Pada tahun 1950-an, Rektor Universitas Al-Azhar Dr. Syaikh Abdurrahman Taj dan timnya mengadakan kunjungan ke lembaga pendidikan yang didirikan Rahmah. Lembaga pendidikan milik Rahmah menginspirasi Universitas Al-Azhar mendirikan Kulliyatul lil Banat. Pada tahun 1957, Universitas Al-Azhar mengundang Rahmah dan memberikan gelar “syeikhah”. Penyematan gelar ini pertama kalinya kepada perempuan. Sejak saat itu banyak negara di Timur Tengah yang menaruh perhatian terhadap lembaga pendidikan yang didirikan Rahmah.

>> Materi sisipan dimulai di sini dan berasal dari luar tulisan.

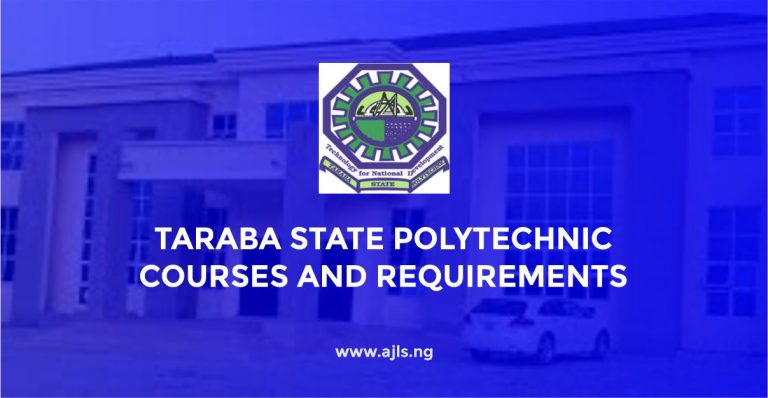 Taraba State Polytechnic Courses and Requirements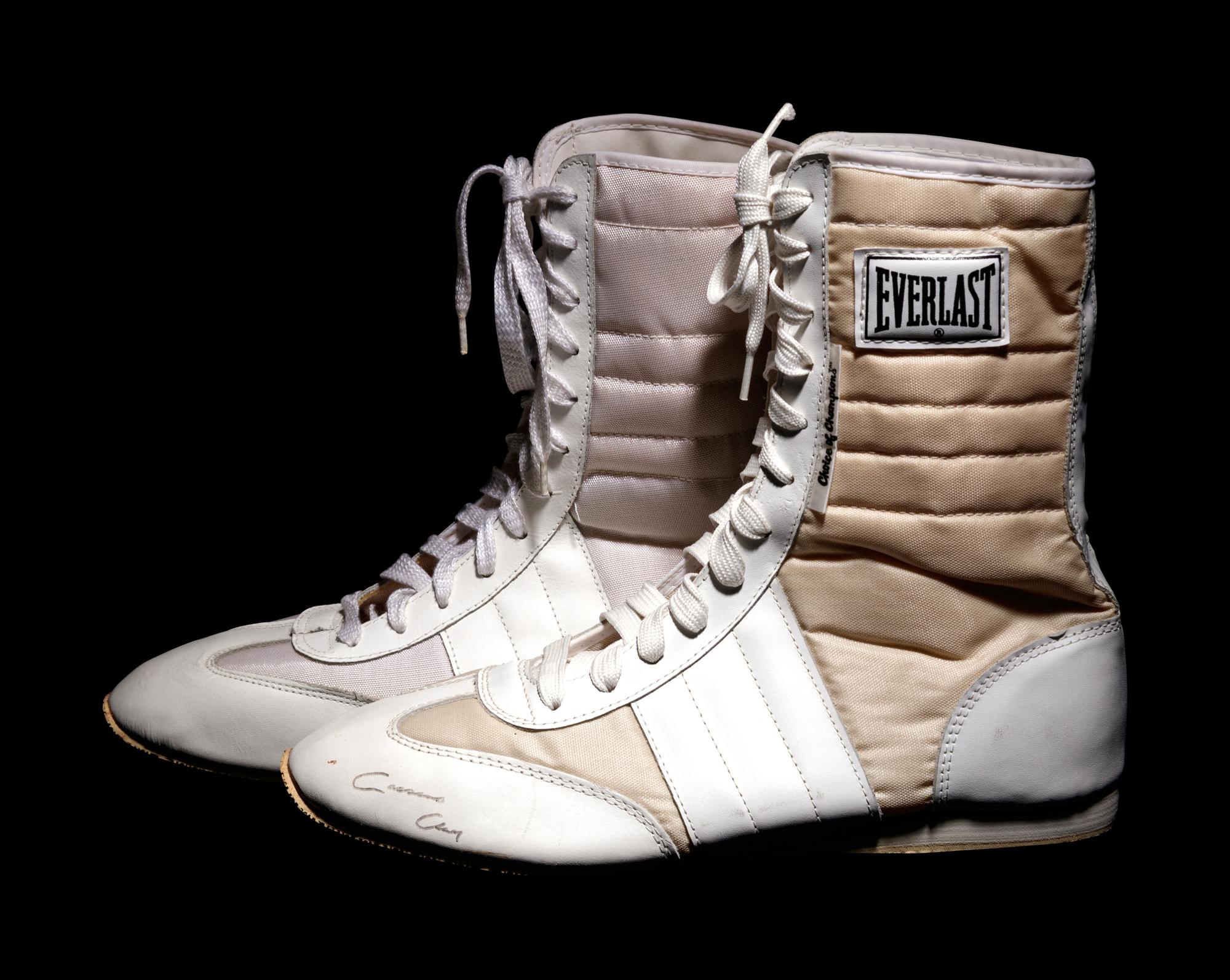A Pair of Muhammad Ali / Cassius Clay Dual Signed White Everlast Boxing Shoes,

Perempuan Merah Putih bergelar syaikah ini mengakhiri usianya di dunia ini pada Rabu, 26 Februari 1969 atau 9 Dzulhijjah 1388 H. Wallahu a’lam.

Hendra Sugiantoro

Penulis buku Rahmah El-Yunusiyyah dalam Arus Sejarah Indonesia (2021)

BAGIKAN SEKARANG :

Leave a Reply

Your email address will not be published. Required fields are marked *

error: Content is protected !!
!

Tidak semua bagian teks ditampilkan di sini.